[[ Dataset entries open ]]

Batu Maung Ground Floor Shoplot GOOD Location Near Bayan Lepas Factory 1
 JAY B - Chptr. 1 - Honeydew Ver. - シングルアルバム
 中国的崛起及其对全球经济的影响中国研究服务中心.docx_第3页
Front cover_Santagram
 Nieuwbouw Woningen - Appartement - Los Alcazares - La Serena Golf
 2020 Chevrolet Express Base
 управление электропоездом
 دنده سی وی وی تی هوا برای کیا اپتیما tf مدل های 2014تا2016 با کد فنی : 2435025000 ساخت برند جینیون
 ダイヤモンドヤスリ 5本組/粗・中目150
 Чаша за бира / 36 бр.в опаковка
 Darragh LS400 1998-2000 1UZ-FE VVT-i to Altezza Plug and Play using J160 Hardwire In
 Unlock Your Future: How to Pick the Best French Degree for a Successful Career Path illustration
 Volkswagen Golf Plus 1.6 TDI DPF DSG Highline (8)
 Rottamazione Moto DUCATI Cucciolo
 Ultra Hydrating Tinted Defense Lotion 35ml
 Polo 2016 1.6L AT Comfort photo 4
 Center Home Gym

[[ Dataset entries closed ]]

■ Required action:
Lines in the data above may contain the word "Golf"; count them and give only the number.

■ Written answer:
2